Ce que nous voulons signaler ici et bien entendu une fois de plus, c’est, dans le cadre du système de la communication qui règle l’affrontement, la très grande force de communication renforcé par le symbolisme extrêmement puissant et soutenu par la tension psychologique du patriotisme russe, d’un événement comme la parade du 9 mai. Ces échanges, ces polémiques, ces interprétations sont autant de batailles d’une guerre qui se livre essentiellement par les moyens de la communication et tout ce que recèle ce concept. Dans ce cadre, le symbole a un poids formidable, qui, aussitôt qu’il est mesuré, acquiert une dimension politique à mesure. Dans cette sorte de conflit d’un nouveau type (il mérite le qualificatif très tendance d’“hybride”), la perception, l’intuition, la psychologie jouent un rôle considérable, reléguant le technologisme et ses productions, ainsi que la bureaucratie qui le soutient, au second plan. Un nouveau char russe dans le défilé du 9 mai, des missiles russes modernisés, des détachements étrangers (chinois et indien particulièrement), tout cela, dans ces circonstances symboliques, ont aujourd’hui autant d’importance exprimée dans des domaines complètement différents que la bataille de Koursk de 1943, dans une guerre actuelle (Système versus antiSystème) qui est beaucoup plus décisive pour le sort de notre civilisation que n’importe quel conflit qui a précédé.
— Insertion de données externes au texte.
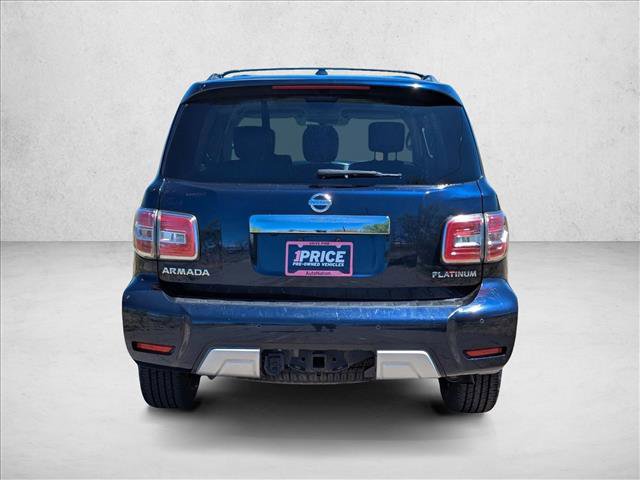 Used 2018 Nissan Armada Platinum image 6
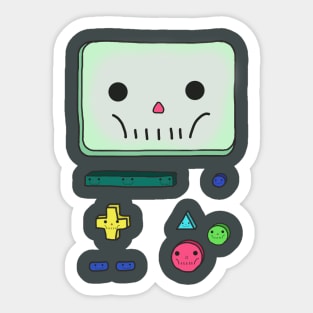 Halloween BMO Sticker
C’est une étrange situation, où la fortune des armes se mesure en termes de perception, de force psychologique, d’intuition, et non plus en termes de sang et de feu. Cela ne signifie nullement que les effets indirects ne sont pas de ceux que caractérisent le sang et le feu, et qui engendrent malheur et souffrance, – bien au contraire. Cela signifie que ces choses terribles ne sont plus que des conséquences, que la première ligne est un affrontement de communication et de symbole. Dans cette situation radicalement nouvelle, on ne peut dire que le bloc BAO et le Système aient choisi une stratégie particulièrement heureuse en donnant à la Russie, le 9 mai, une occasion symbolique d’une dimension gigantesque d’exprimer la puissance de son histoire et la grandeur des sacrifices consenties, rétablies dans une atmosphère fiévreuse de patriotisme. En termes de communication, en puissance de psychologie et de conviction, cela figure un tournant politique radical.